To accomplish this, we explore the following scenarios:

  • Traffic passes directly to the API provider without any intermediary. (referred to as "direct")
  • Traffic passes through Lunar without any flows enabled, acting as a simple proxy. (referred to as "no-flow")
  • Traffic passes through Lunar while employing a simple flow that doesn't short circuit requests. (referred to as "with-active-flow")

We allocated three different AWS EC2 instances of type c4a.large for this purpose - one for the client application making API requests, one dedicated to Lunar, and another one dedicated to the API provider.

Setup

We used Apache AB, to simulate client-side behavior and gather necessary metrics. To replicate how client applications interact with Lunar, we directed Apache AB to call Lunar, which, in turn, forwarded the requests to the Provider.

On the provider side, we leveraged go-httpbin, a Docker image that serves as a Go version of httpbin.org.

Benchmark Results

In our performance analysis, we conducted three experiments to compare the following scenarios:

  • Calls directly to the provider (referred to as "direct").
  • Calls to the provider via Lunar Proxy without any active flow (referred to as "no-flow").
  • Calls to the provider via Lunar Proxy with an active flow (referred to as "with-active-flow").

The visualization below presents percentile values on the X-axis and runtime in milliseconds on the Y-axis, highlighting the differences between each experiment and the baseline direct experiment, which are relatively small across percentiles.

Benchmark Results

To provide a clearer understanding, let's examine the same graph with the Y-axis representing the delta from the baseline for each experiment and percentile. In the direct experiment, the delta remains 0 for all percentiles, as it is compared against itself.

Benchmark Results

  • At the 99th percentile, Lunar Proxy adds around 4ms (with no flow and with an active flow) to the overall response time of HTTP calls.

Capacity Benchmark

Through our benchmarking sessions, we aimed to assess the capacity of Lunar in handling requests per second under various load conditions. In this performance evaluation, we established an EKS cluster and node group with the provided hardware configuration, ensuring a reliable and scalable infrastructure. Employing our benchmarking tool, we generated a load on the Lunar to measure its performance within the EKS cluster. By systematically varying load parameters, including the number of concurrent connections and request rate, we sought to understand how Lunar performed under different scenarios.

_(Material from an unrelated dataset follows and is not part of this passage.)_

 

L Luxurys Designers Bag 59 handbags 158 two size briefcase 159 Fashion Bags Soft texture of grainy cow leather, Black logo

Our objective was to uncover the efficiency and capability of Lunar, identifying potential bottlenecks or areas for improvement in its capacity to handle substantial workloads.

Benchmark Results

The results demonstrate the requests per second achieved by Lunar in each scenario, providing insights into its performance characteristics. With multiple requests ranging from 32 to 256, and capacity limits from 1 to 8 cores, we observed a clear correlation between these factors and the resulting requests per second. These findings contribute to a deeper understanding of Lunar's performance and can assist in optimizing its configuration for enhanced capacity and throughput.

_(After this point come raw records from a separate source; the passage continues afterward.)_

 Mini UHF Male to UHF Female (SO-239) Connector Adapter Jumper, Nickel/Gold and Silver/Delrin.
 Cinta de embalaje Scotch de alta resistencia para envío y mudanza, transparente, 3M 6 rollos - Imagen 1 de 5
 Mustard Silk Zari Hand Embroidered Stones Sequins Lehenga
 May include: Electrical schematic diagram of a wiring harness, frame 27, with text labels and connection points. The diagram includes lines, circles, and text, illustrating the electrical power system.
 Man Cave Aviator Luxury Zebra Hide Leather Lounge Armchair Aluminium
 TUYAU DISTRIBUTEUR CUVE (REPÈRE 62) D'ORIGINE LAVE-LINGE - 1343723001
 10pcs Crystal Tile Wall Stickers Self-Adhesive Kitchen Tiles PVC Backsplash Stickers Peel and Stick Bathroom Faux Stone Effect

ConcurrencyCapacity Limit (Cores)Number of RequestsRequests per Second
3212,500,0009,050.42
6425,000,00016,550.48
128410,000,00035,896.17
256820,000,00084,867.79

In this table, the columns represents the following:

  • Concurrency: The number of multiple requests made at a time (concurrency).
  • Capacity Limit (Cores): The specified limit on the number of cores for Lunar's capacity.
  • Number of Requests: The total number of requests performed in the benchmark.
  • Requests per Second: The average number of requests processed per second Lunar's Proxy can handle.

Summary

Through extensive benchmarking, Lunar demonstrates impressive results. It adds only a small latency footprint to response times, around 4ms at the 99th percentile. The capacity benchmark shows that Lunar efficiently handles substantial workloads, achieving up to 84,867 requests per second. These outstanding results validate Lunar's effectiveness in minimizing latency and ensuring optimal performance in API interactions.